Encuentro con Abel Amutxategi

Abel Amutxategi, autor de humor fantástico y literatura infantil

Abel Amutxategi es un autor de humor fantástico para adultos, en la línea de Terry Pratchett y Christopher Moore, y novelas y cuentos infantiles. Coincidimos en el Festival Celsius 232, y como éramos vecinos, él de Bilbao y yo de Santander, le invité a que se pasara por mi curso de escritura creativa para dar una charla. Y aceptó.

Así que el pasado 19 de noviembre nos visitó para hablarnos de humor, de editoriales, de prejuicios, de cómo encontrar a tu público y de sus libros.

Como leo medios de comunicación y sigo redes sociales, y ahí está claro que a los escritores nos sale el dinero por las orejas (en sueños), empecé con la pregunta más importante de todas: “¿Tú dónde guardas los millones que ganas con los libros?”.

“Intento quemarlos rápido para que mis hijos tengan que trabajárselo cuando llegue la hora.
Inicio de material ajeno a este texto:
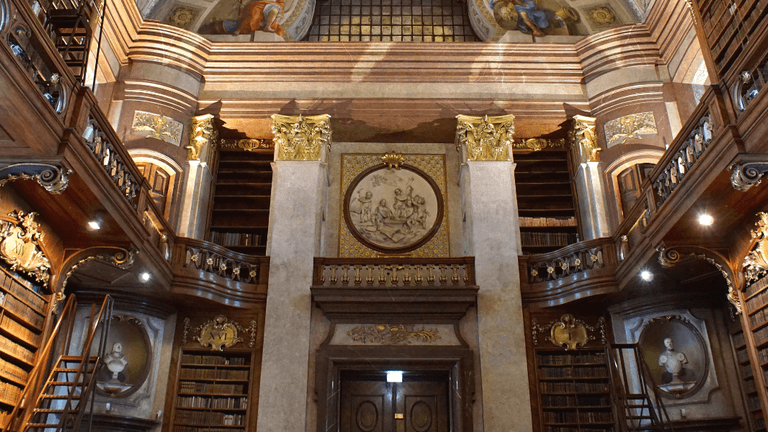 Historic library interior with ornate bookshelves, balconies, marble columns, and decorative ceiling artwork.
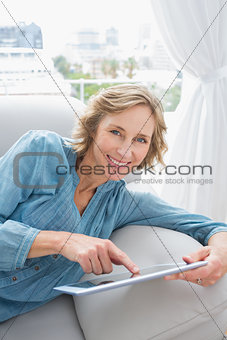 Happy blonde woman relaxing on her couch using her tablet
No vaya a ser que se tiren a la bartola y digan ‘No, yo ya con lo de mi padre…’”.

Amutxategi tiene una página llena de recursos para escritores, www.comoescribirunlibro.com, y le puedes seguir en Facebook, Twitter e Instagram.

Prejuicios

Cualquier escritor que no escriba ficción literaria o realista va a encontrarse con el desprecio de la intelectualidad sin que esta se lea una línea de lo que escribas, y sin pararse a pensar qué escribían autores que admiran. “Cuando comentamos que hacemos fantástica, o por lo menos a mí me sucede, vemos cejas que se empiezan a levantar, gente que se marcha, que dice, ‘vaya, fantástica, pues nada, pensaba que era escritor…, y luego resulta que hace esto’.

»Pero yo considero que todos los escritores usamos la fantasía para codificar la realidad de uno u otro modo. Ahí están Cortázar y Borges, por ejemplo, que hacían fantástica y, como entraron en el canon, ya parece que hacían otra cosa.

“La mayoría de la gente diferencia entre literatura realista o fantástica, pero yo no creo en esa división porque, ya con la simple elección de lo que cuentas y lo que ocultas a tus lectores, estás creando un mundo que no es real. Ofreces al lector una visión parcial del mundo a través de la que te posicionas con respecto a los temas que tratas en tu novela”.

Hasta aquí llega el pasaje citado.